**EXERCISE DETAILS:**
Wherever the line with "Closeup Beautiful Christmas" sits in the listing below, transcribe from it up to and including the line with "Fontaine à eau", exactly, and leave the remaining lines out.

**SOURCE INFORMATION:**
────────
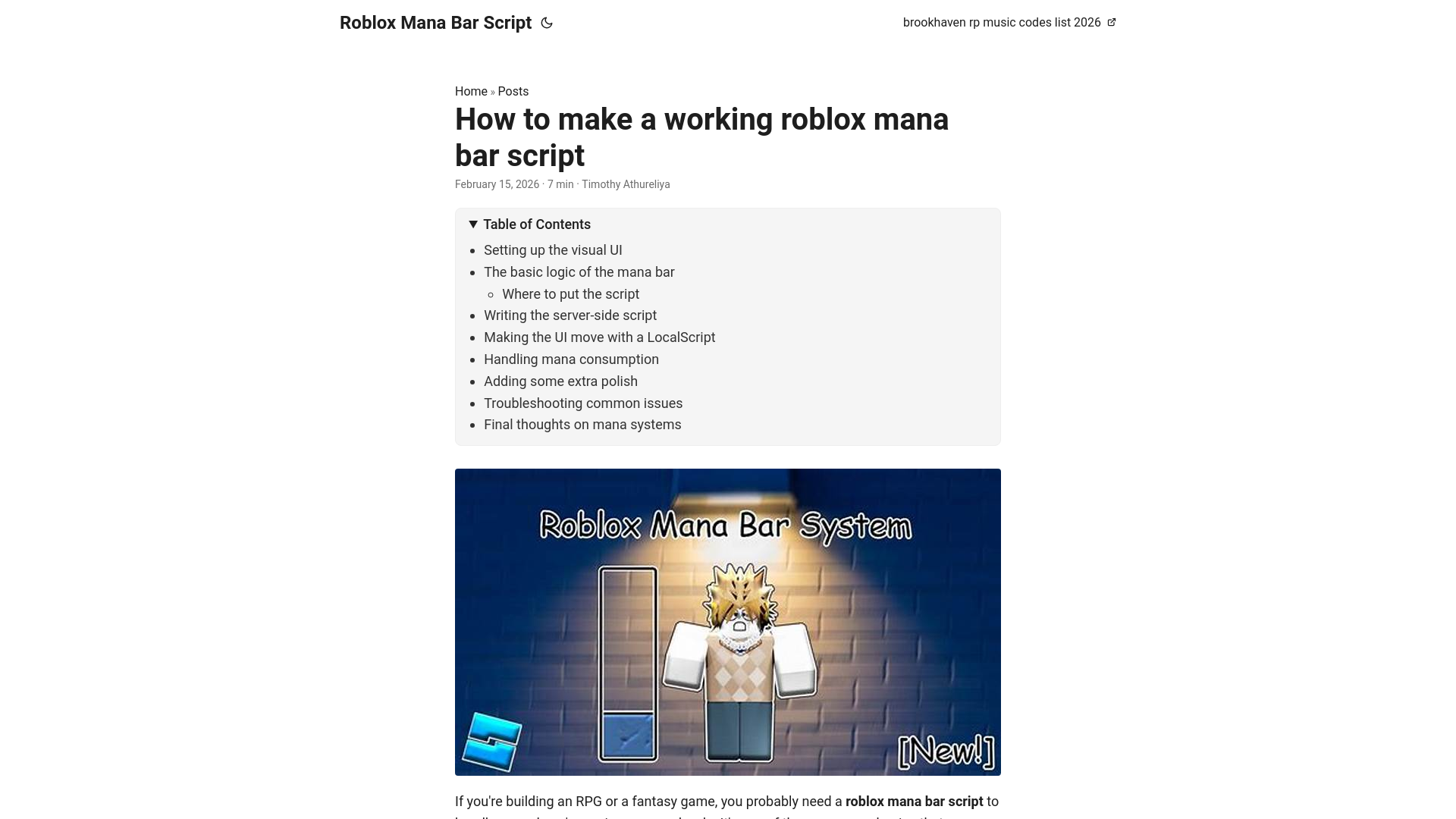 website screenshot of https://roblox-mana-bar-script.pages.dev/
────────
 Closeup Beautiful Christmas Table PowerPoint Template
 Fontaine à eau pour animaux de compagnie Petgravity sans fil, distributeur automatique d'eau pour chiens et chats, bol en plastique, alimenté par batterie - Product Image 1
────────
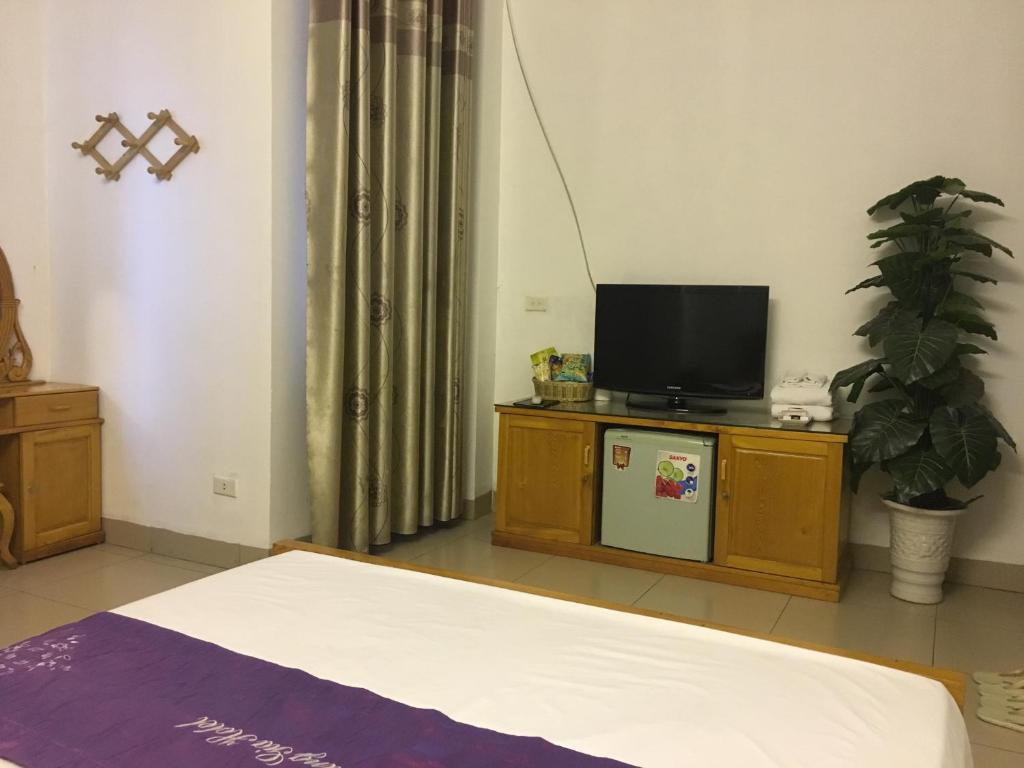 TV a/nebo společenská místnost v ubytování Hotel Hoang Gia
────────
**WRITTEN ANSWER:**
 Closeup Beautiful Christmas Table PowerPoint Template
 Fontaine à eau pour animaux de compagnie Petgravity sans fil, distributeur automatique d'eau pour chiens et chats, bol en plastique, alimenté par batterie - Product Image 1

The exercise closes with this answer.